**Data for processing**

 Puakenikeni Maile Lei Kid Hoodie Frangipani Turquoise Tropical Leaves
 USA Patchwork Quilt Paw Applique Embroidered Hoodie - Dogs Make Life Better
* * *
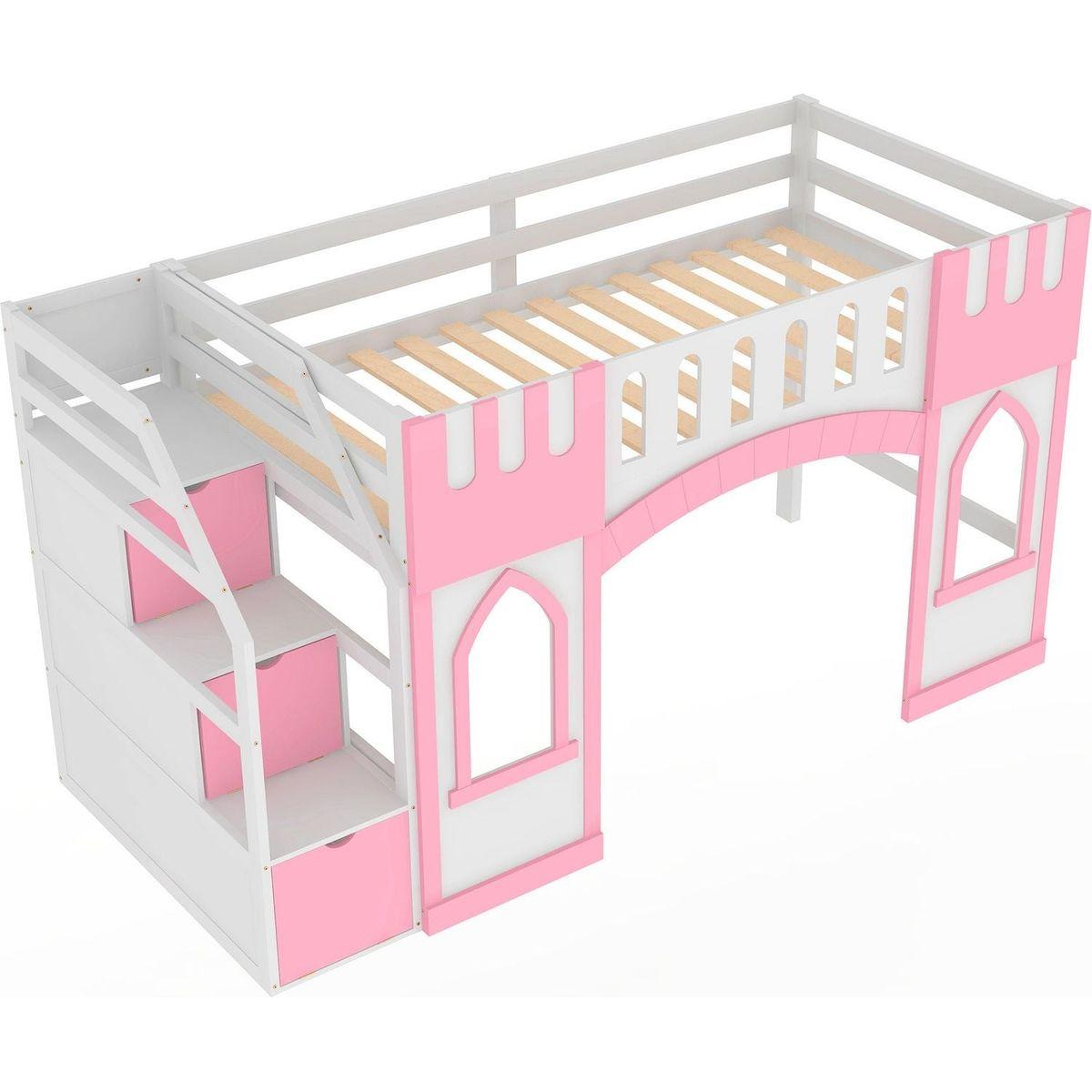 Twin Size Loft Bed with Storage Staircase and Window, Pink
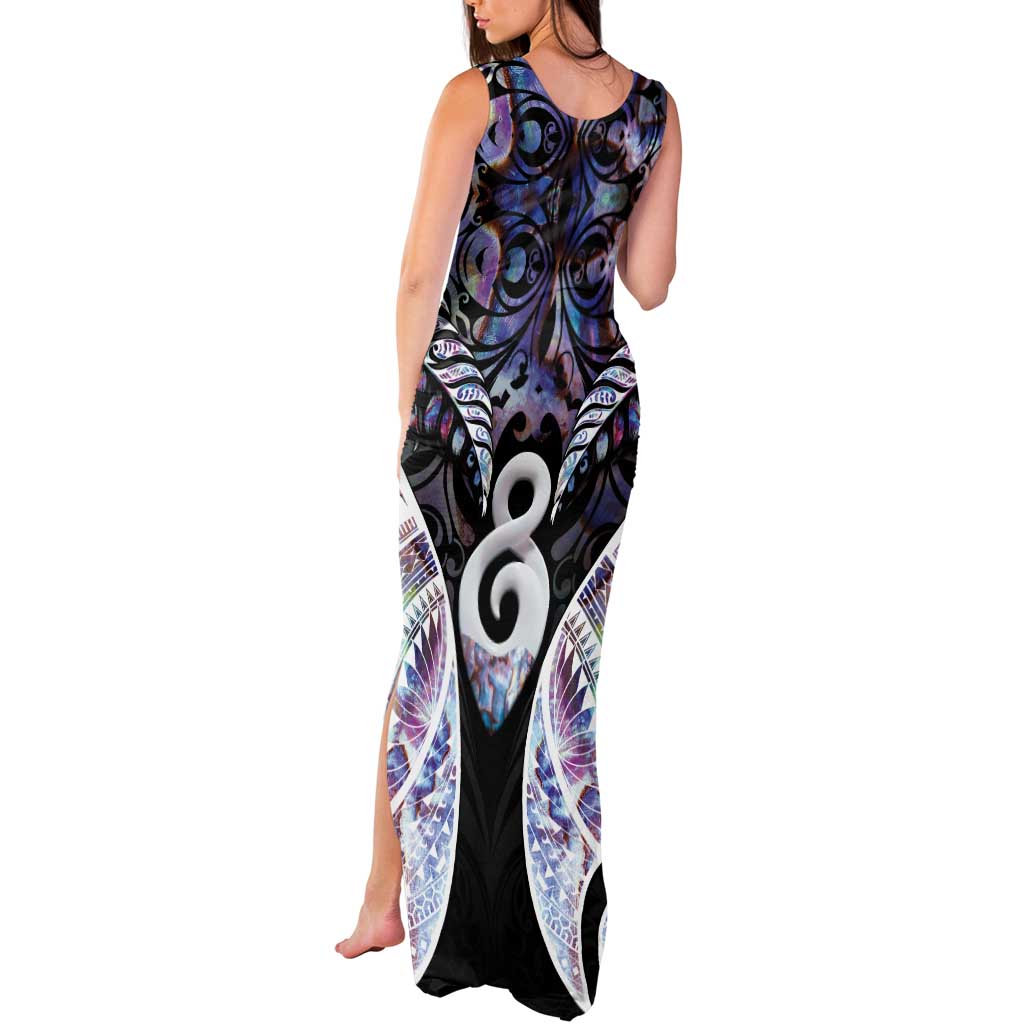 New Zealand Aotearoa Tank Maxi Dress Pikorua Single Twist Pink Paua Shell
* * *
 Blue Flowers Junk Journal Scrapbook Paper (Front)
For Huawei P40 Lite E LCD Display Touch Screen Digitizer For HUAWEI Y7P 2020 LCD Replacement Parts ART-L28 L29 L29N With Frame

**Task statement**
Report all lines of the data above that include the string "Hoodie".

**Response to this task**
 Puakenikeni Maile Lei Kid Hoodie Frangipani Turquoise Tropical Leaves
 USA Patchwork Quilt Paw Applique Embroidered Hoodie - Dogs Make Life Better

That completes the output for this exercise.